"Wait until you're in your twenties," they always said. They always said this when I was a fed-up teenager.
"Heather, I'm going to be honest with you: your twenties just suck." This is what my mom said to me the other day as I cried about missing my boyfriend while he works night shift and heavily budgeting grocery bills and stuff like that. Lofty stuff.
Some people will tell you, oh, it's all about the thirties. But I look at women in their thirties and they all just look so tired. Most of them have already given up. It's rare I see a woman under 35 who hasn't completely mentally, physically, and behaviorally thrown in the towel - married or unmarried.
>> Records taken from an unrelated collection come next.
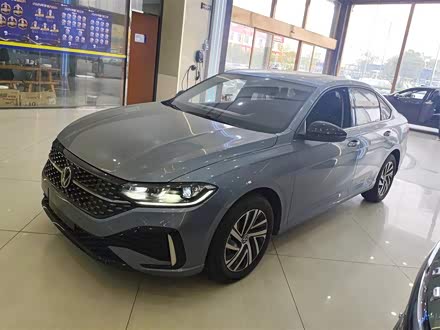 Фото 1 - Volkswagen Lavida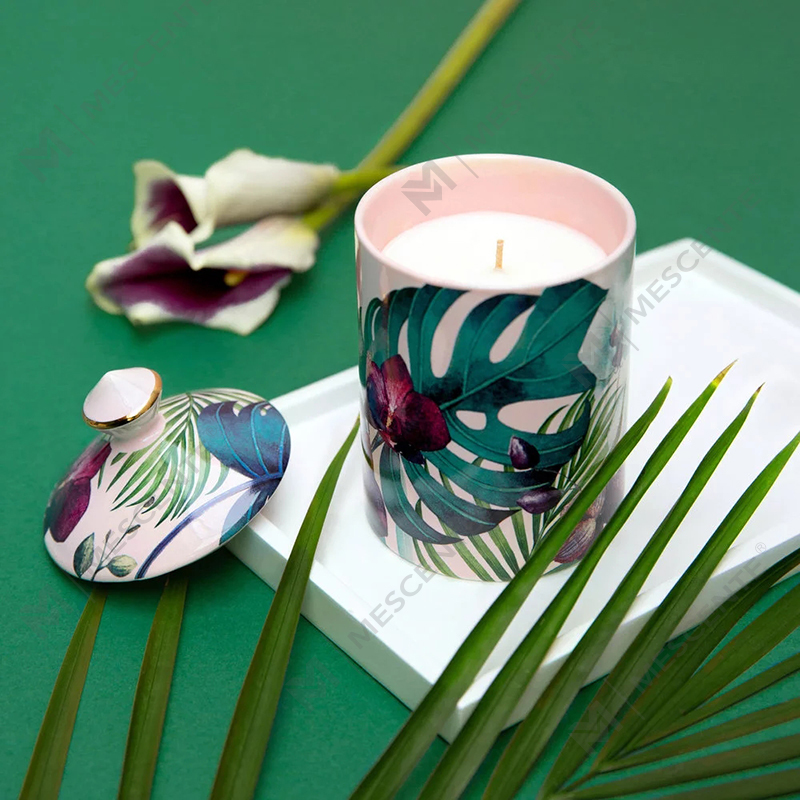 M&Scent Special Design Colour Urban Botanics Tumbler Kaars met vouwdoos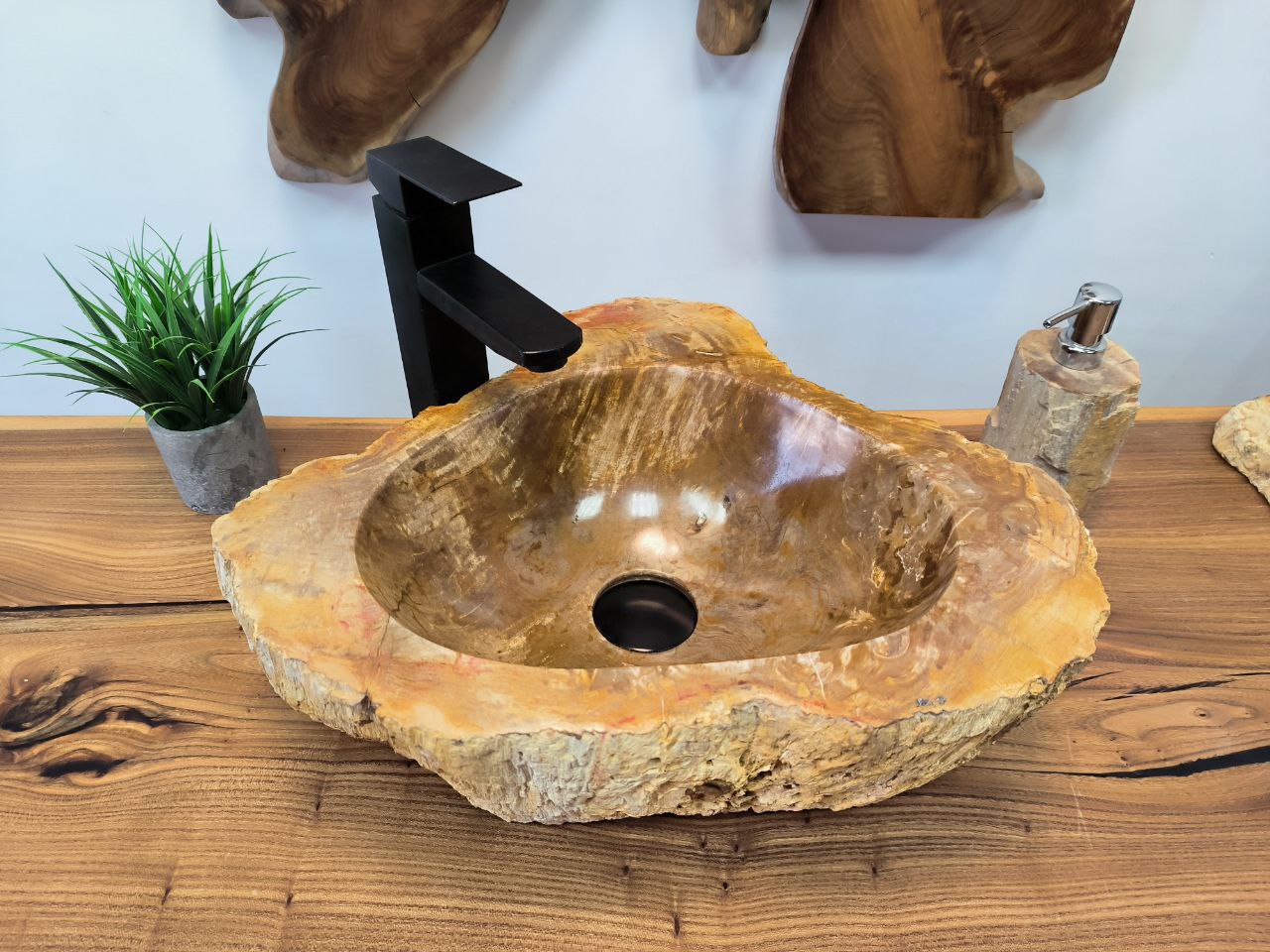 photo_2025-05-14_16-54-30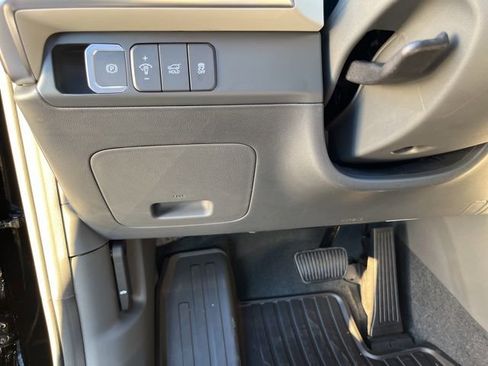 New 2026 Hyundai Santa Fe SE image 12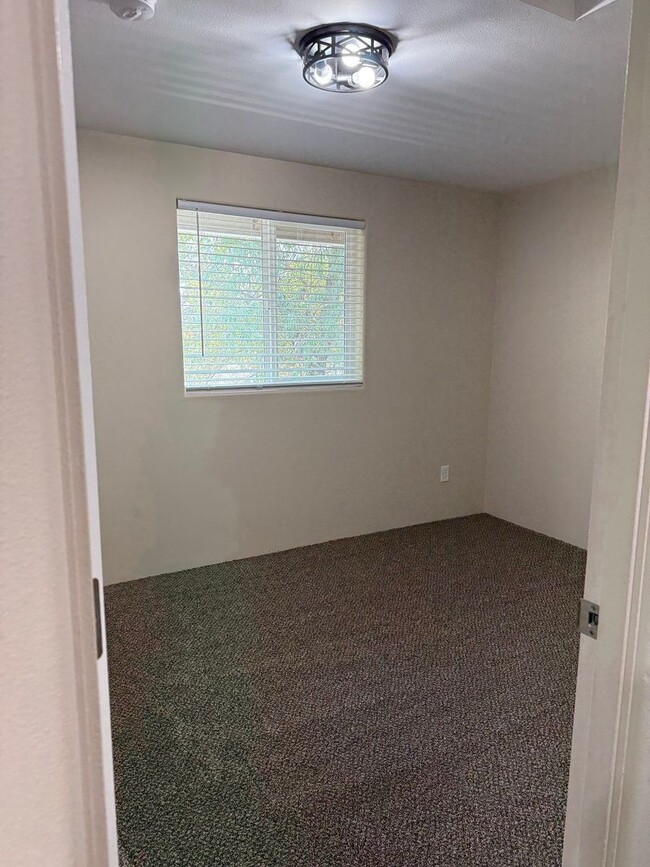 Building Photo - 870 Spurlock St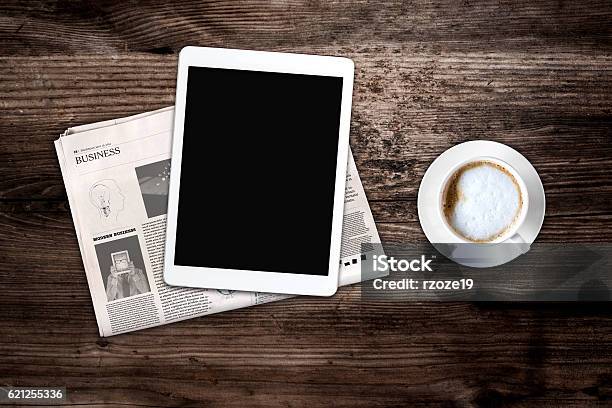 Tageszeitung Kaffee Und Tablet Mit Leerem Bildschirm Stockfoto und mehr Bilder von Zeitschrift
I just moved in to my first apartment, and there are a lot of responsibilities. But I've always had responsibilities. This isn't any harder than AP exams week in high school, or performance night for the school musical, and I'd take being broke and opting for cheaper peanut butter when I go shopping any day over living in my Lieutenant father's strict and constantly abasing household.
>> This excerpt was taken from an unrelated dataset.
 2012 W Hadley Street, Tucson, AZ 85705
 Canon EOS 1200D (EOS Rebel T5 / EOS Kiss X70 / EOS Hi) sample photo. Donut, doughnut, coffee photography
Do you love it when I answer the question I open the article with? Because I do. There's something special about every age group. It's just that most people are hung up on "poor me" and miss out. My boyfriend is 38. Isn't our union special? Yes, his back hurts a lot. And he hates paying bills, too. But he got what we have as a thirty-something, which makes being a thirty-something special.
Maybe it's inherent. Maybe it's individual. Maybe one's time to shine is on a person-by-person basis. But I will tell you one thing.
Most of my customers at work are seniors. A handful of them are grumpy bastards that like to caterwaul and play "poor me, I'm old". But most of them are seriously living it up. I hear about their passion projects, their grandkids, their vacations, the TV shows they've binged, their pets, their devotions to spouses and lifelong professions. It's beautiful.
I guess I'm saying that the old people (and my mom, who said my twenties will suck, and those people who said they'd be great when I was a teen) taught me that it's not about how old you are, it's about what you're doing with this thing I'd label a gift which we all call life.
Suffering is inherent. Accepting it as part of this gift is a choice.
"Suffering has been stronger than all other teaching, and has taught me to understand what your heart used to be. I have been bent and broken, but - I hope - into a better shape." - Charles Dickens, Great Expectations.